At Panhandle State, Larsen met his future bride. Chaney Larsen is the daughter of then-rodeo coach Craig Latham, a nine-time NFR qualifier in bronc riding. That’s where Tyrel Larsen truly developed into a consistent competitor.
“My freshman year in college, we had a pile of good bronc riders there,” he said, pointing to a group that includes two-time world champion Taos Muncy, four-time Linderman Award winner Trell Etbauer and the reigning two-time reserve world champ Cort Scheer. “When you went to practice with all them, it was good a good bronc riding.
“You learned to put out the right amount of effort. You had a lot of alumni that were there helping, too, like Craig, Robert (Etbauer) and Danny (Etbauer). All those guys would show us what it meant to try hard.”
Craig Latham and the Etbauer brothers – including middle brother Billy – traveled the rodeo circuit together through the late 1980s and ’90s. Robert Etbauer owns two bronc riding world championships, and Billy Etbauer is a five-time titlist. Combined the four of them have dozens of NFR qualifications.
Larsen fine-turned his craft as he worked closely with some of his rodeo idols.
“Craig’s always been there for me,” Larsen said. “When I first showed up in Goodwell, I wasn’t that great of a bronc rider, and he kept me out of trouble.
“He has helped me so much. He bought me a saddle when I was in a bind, and he always believed in me. Just having him walk Chaney down the aisle was pretty cool.”

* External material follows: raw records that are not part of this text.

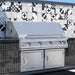 PGS S51T T Series Gas Grill | Shown At Apartment Complex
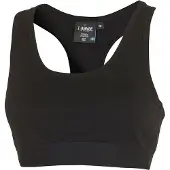 Ivanhoe Women's Underwool Wool Bra Black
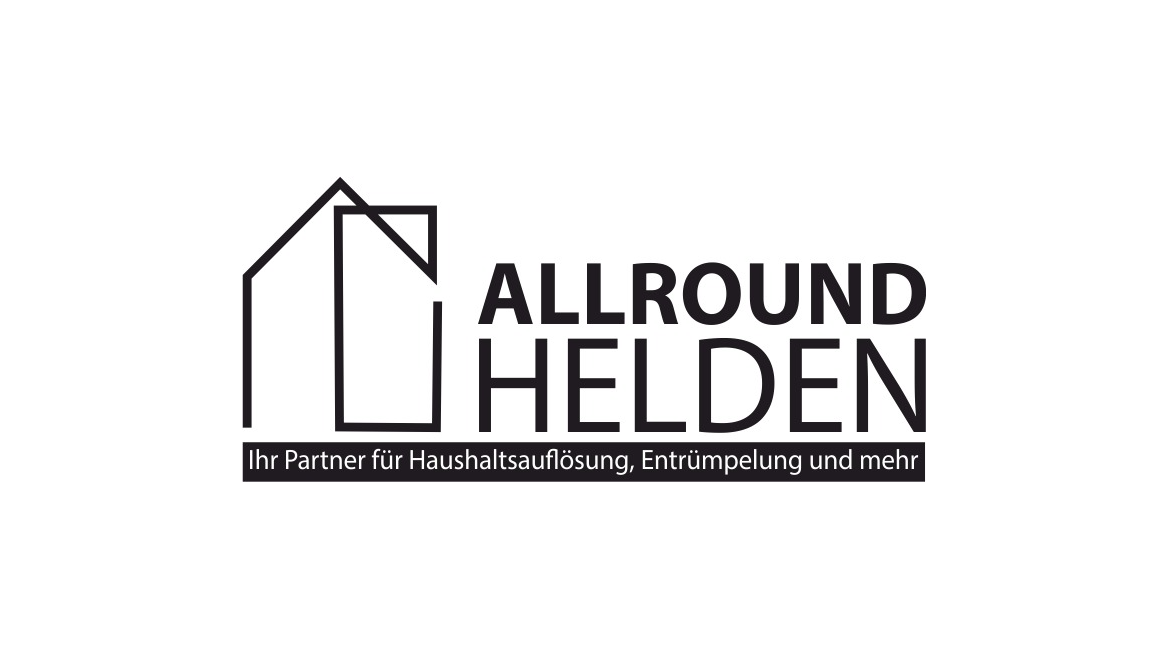 ALLROUNDHELDEN - Ihr Partner für Haushaltsauflösung, Entrümpelung und mehr in Bielefeld - Logo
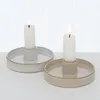 LS-LebenStil 2´er Set Stabkerzen Kerzenständer Keramik 10cm Produktbild-Vorschau 4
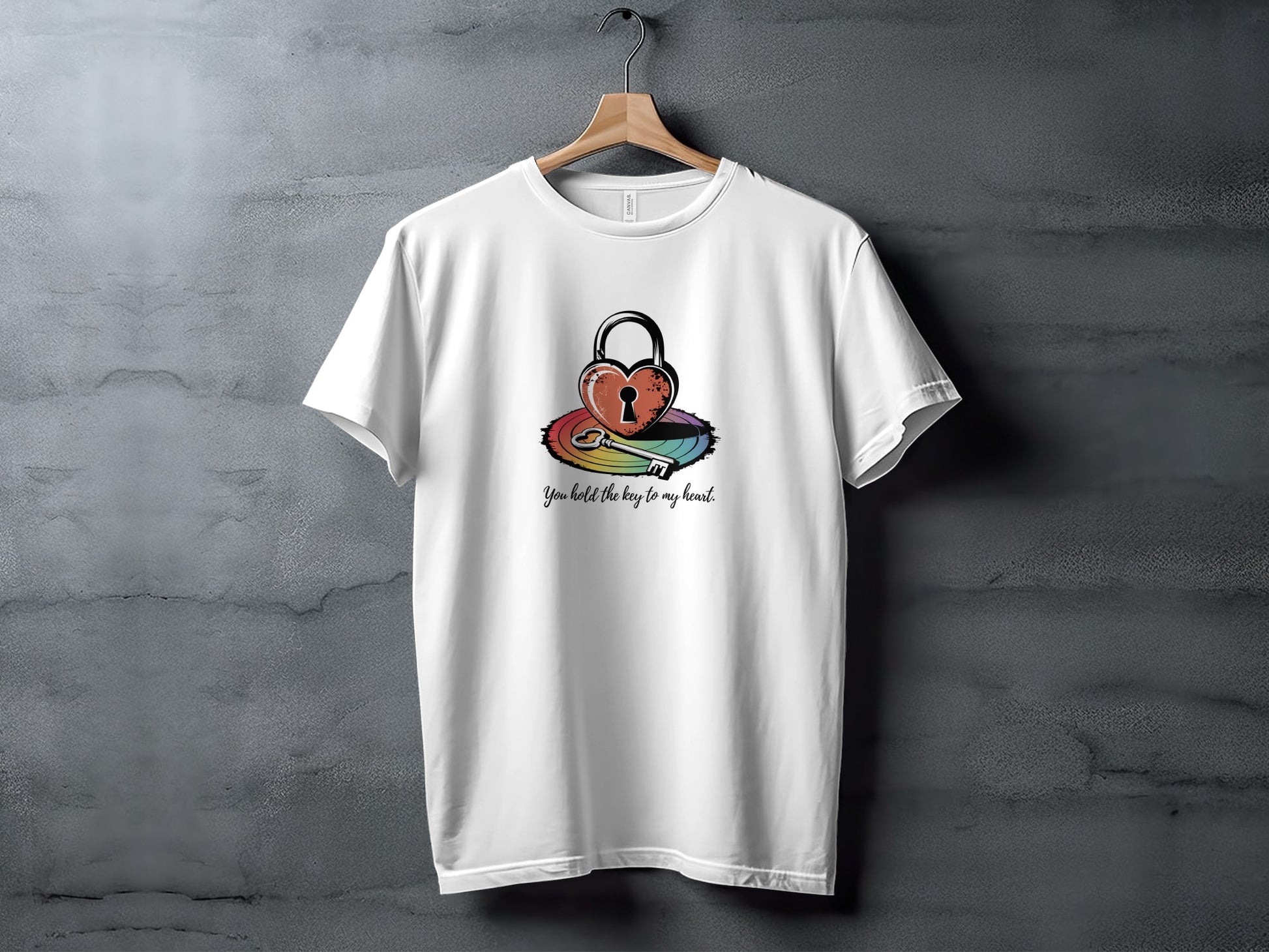 You Hold A Key To My Heart Graphic Tee product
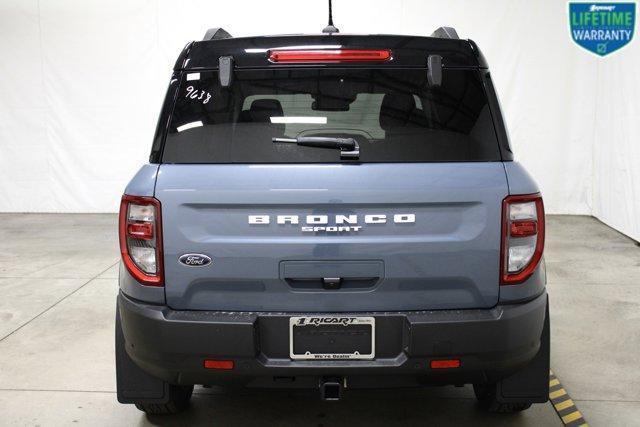 new 2024 Ford Bronco Sport car, priced at $34,151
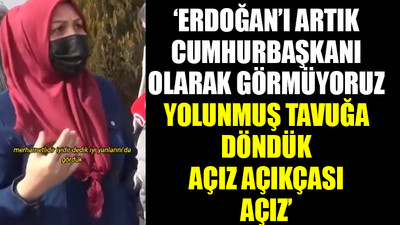 AKP'li kadının isyanı sosyal medyaya damga vurdu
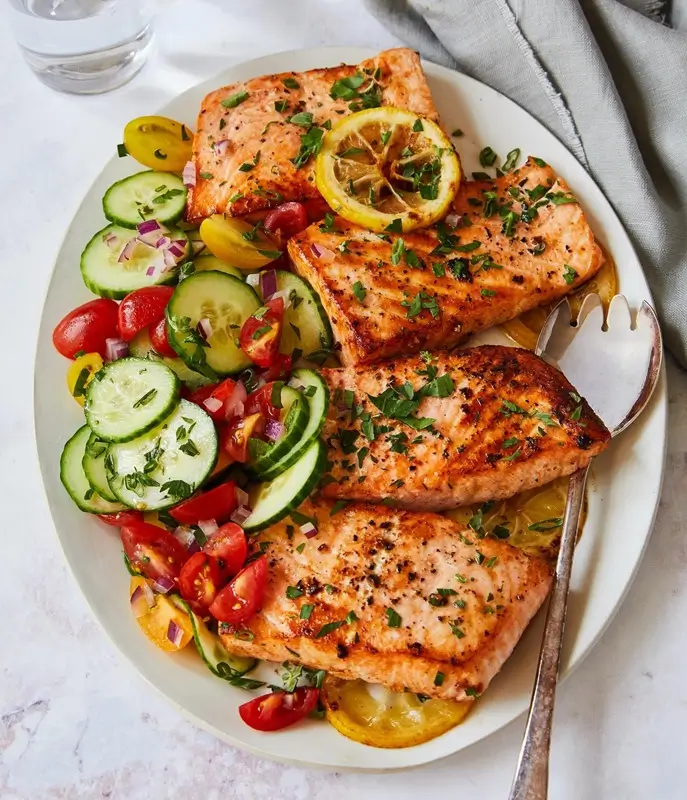 Lemon Butter Salmon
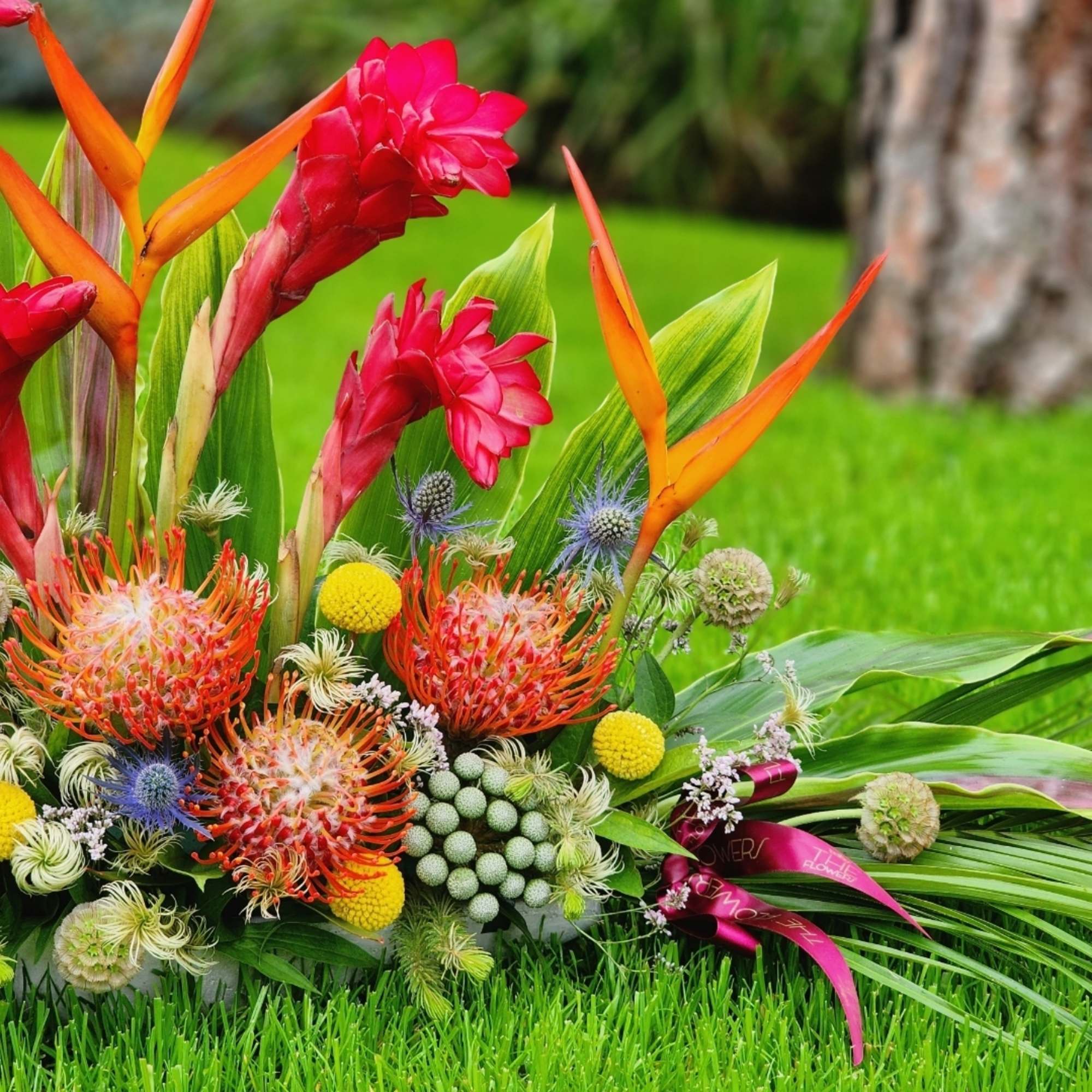 If you were planning to buy a bouquet of exotic flowers, a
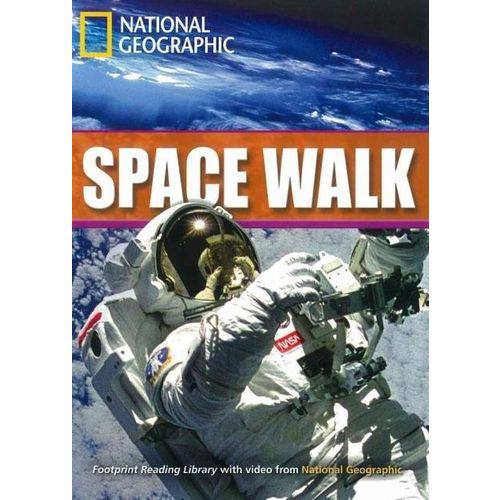 Tamanhos, Medidas e Dimensões do produto Footprint Reading Library - Level 7 2600 C1 - Spacewalk - British English + Multirom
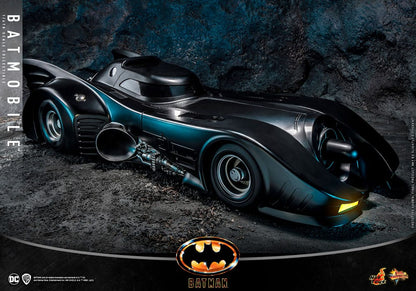 HOT TOYS - Batman (1989) Movie Masterpiece Action Figure 1/6 Batmobile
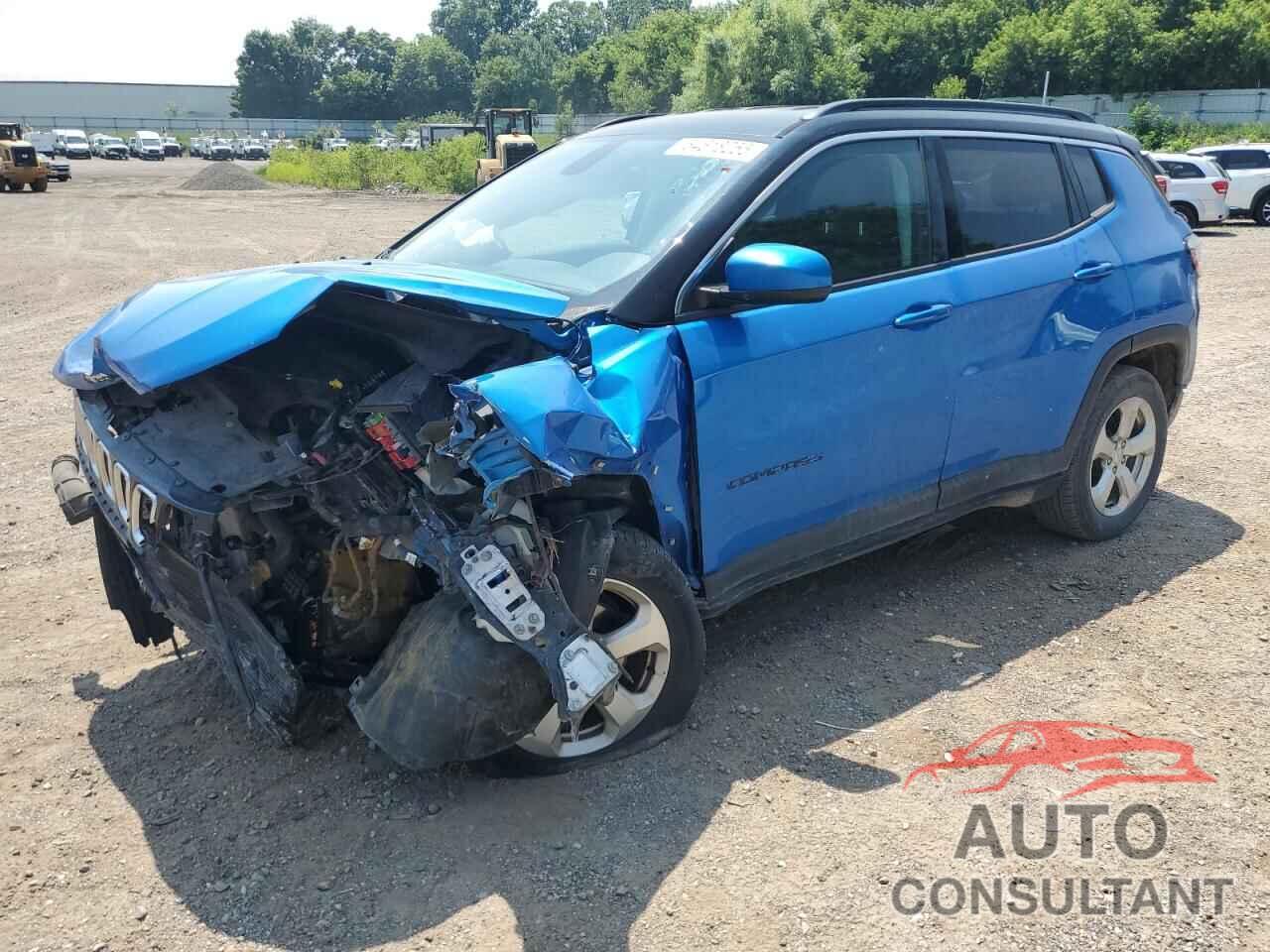 JEEP COMPASS 2018 - 3C4NJDBB4JT112734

Larsen spent much of his 2015 season traveling the rodeo trail with Muncy, Isaac Diaz and Zeke Thurston, and all four have earned the right to be in Las Vegas this December. That doesn’t happen very often, but it’s a sign that there is a lot of talent all riding in one vehicle from one event to the next.
Like Larsen, Thurston is heading to his first NFR. He is 21 years old from Big Valley, Alberta, while Diaz returns to the NFR for the fifth time; this year, the Desdamona, Texas, cowboy sits fourth in the world standings. Muncy, of Corona, N.M., is fifth heading to his eighth NFR.
“I think staying healthy was one of the biggest things for us all this year,” said Larsen, whose parents, Kevin and Wanda, live in Inglis. “Isaac and Taos were way up there in the standings, and Zeke had an unbelievable year. Everybody in the rig won some pretty prestigious rodeos. By having that much confidence in the van this year, it’s pretty hard not to win.”
Of course, having support away from the road is always valuable, whether it’s with the Lathams in Oklahoma or his own family in Manitoba. While his father runs the ranch, his mother runs a barber shop. His sister, Cassie, also is a hair stylist, and she and her husband are part of a family farming operation.
“I went to college, because it was big in the family to get your education,” he said. “When my parents found out you could get your education paid for by rodeoing, they thought it would be a good idea.
“About halfway through my education, my ability started to improve, and I saw this was an opportunity to make a little bit of money rodeoing. If I can make a living riding broncs, that’s what I’m going to do. If I can support my family and pay for stuff through rodeo, then there’s nothing else I’d rather do.”
Tyrel Larsen is chasing his dreams one bronc at a time.